▶ **Assignment**: For the entries that follow, give the number of lines holding the string "Power" and nothing more.

▶ **Stored data**:
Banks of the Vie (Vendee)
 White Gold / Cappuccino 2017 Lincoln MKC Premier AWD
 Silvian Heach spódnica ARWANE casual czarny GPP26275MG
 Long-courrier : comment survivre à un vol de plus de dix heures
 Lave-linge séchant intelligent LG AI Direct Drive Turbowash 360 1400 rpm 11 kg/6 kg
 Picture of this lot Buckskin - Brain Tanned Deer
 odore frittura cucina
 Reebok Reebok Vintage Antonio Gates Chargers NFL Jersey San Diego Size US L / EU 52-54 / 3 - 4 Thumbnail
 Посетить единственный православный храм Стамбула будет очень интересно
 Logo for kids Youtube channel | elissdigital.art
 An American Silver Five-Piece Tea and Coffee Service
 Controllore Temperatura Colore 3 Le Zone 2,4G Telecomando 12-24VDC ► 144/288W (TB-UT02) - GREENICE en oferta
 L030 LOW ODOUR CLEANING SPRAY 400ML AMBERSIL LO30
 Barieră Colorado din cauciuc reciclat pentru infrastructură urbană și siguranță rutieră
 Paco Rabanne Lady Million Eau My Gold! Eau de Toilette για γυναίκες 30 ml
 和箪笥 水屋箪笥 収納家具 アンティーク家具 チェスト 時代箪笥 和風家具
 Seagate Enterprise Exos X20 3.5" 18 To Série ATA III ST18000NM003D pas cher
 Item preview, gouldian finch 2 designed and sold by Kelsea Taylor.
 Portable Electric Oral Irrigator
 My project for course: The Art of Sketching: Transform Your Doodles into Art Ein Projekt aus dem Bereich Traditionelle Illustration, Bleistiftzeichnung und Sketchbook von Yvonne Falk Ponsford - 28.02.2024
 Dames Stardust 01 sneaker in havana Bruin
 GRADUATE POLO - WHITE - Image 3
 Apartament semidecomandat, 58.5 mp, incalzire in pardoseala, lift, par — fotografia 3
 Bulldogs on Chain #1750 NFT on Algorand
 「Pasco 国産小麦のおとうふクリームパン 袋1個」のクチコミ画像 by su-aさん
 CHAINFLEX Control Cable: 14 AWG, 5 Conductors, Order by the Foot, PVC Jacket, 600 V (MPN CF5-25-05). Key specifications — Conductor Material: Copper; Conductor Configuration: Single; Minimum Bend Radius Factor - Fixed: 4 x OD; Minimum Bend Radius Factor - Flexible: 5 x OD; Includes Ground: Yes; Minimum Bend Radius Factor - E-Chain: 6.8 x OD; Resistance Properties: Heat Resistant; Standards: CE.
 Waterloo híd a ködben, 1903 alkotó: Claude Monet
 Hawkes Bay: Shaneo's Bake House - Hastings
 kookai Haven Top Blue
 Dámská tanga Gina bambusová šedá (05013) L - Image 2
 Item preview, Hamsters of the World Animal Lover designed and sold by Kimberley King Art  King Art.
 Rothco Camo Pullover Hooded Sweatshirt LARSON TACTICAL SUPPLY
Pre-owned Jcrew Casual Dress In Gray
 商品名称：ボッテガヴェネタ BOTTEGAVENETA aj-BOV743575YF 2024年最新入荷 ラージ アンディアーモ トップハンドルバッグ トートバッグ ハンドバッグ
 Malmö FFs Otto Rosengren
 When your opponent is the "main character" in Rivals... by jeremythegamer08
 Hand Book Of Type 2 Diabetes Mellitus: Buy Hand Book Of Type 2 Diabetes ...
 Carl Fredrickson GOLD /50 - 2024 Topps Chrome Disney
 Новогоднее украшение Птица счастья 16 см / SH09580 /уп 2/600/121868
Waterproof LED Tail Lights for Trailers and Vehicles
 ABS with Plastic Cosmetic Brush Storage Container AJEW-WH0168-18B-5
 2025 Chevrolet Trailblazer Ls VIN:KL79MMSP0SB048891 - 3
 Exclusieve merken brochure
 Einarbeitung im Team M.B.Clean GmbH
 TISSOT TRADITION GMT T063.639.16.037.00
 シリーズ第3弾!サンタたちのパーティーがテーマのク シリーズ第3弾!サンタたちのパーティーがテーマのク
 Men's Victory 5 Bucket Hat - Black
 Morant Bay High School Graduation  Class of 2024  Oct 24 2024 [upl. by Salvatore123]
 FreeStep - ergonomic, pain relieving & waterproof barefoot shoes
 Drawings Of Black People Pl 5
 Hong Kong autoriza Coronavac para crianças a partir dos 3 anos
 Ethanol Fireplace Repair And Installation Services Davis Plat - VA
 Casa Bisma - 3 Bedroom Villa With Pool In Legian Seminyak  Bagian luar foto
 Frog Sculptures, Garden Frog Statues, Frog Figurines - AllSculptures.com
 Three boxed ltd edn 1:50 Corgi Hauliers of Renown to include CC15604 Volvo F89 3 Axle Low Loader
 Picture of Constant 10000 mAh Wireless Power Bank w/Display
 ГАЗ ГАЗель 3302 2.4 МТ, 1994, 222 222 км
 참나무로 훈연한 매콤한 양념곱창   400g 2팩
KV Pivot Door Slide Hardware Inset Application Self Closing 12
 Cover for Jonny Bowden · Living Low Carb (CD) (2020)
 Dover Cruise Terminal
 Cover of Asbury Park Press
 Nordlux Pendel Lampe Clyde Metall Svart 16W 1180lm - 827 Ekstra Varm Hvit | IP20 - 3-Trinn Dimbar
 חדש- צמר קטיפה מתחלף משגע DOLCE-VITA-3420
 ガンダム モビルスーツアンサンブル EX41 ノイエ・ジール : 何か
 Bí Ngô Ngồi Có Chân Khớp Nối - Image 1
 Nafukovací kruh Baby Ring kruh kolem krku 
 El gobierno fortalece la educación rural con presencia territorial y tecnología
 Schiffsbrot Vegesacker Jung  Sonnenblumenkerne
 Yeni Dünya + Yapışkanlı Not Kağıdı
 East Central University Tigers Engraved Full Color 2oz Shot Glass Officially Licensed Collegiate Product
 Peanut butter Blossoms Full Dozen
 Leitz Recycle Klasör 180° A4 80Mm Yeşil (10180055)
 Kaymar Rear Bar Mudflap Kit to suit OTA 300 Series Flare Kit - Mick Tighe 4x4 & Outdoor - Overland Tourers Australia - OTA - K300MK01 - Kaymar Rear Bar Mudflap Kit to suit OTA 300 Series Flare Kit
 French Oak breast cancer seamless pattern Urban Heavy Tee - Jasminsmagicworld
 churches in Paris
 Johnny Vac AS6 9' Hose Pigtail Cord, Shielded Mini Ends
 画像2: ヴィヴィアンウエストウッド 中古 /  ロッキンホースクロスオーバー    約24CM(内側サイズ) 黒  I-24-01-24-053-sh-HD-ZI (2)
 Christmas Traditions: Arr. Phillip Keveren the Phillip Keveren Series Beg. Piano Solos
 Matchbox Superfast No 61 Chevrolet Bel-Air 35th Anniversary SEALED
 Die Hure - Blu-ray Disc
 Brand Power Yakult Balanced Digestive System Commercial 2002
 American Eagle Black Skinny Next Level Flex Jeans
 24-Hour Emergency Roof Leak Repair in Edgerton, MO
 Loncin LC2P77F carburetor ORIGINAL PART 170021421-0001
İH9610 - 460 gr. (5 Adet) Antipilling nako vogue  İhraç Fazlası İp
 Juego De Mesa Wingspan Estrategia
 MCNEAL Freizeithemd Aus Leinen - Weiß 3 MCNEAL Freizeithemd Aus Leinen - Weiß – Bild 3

▶ **Response box**: 2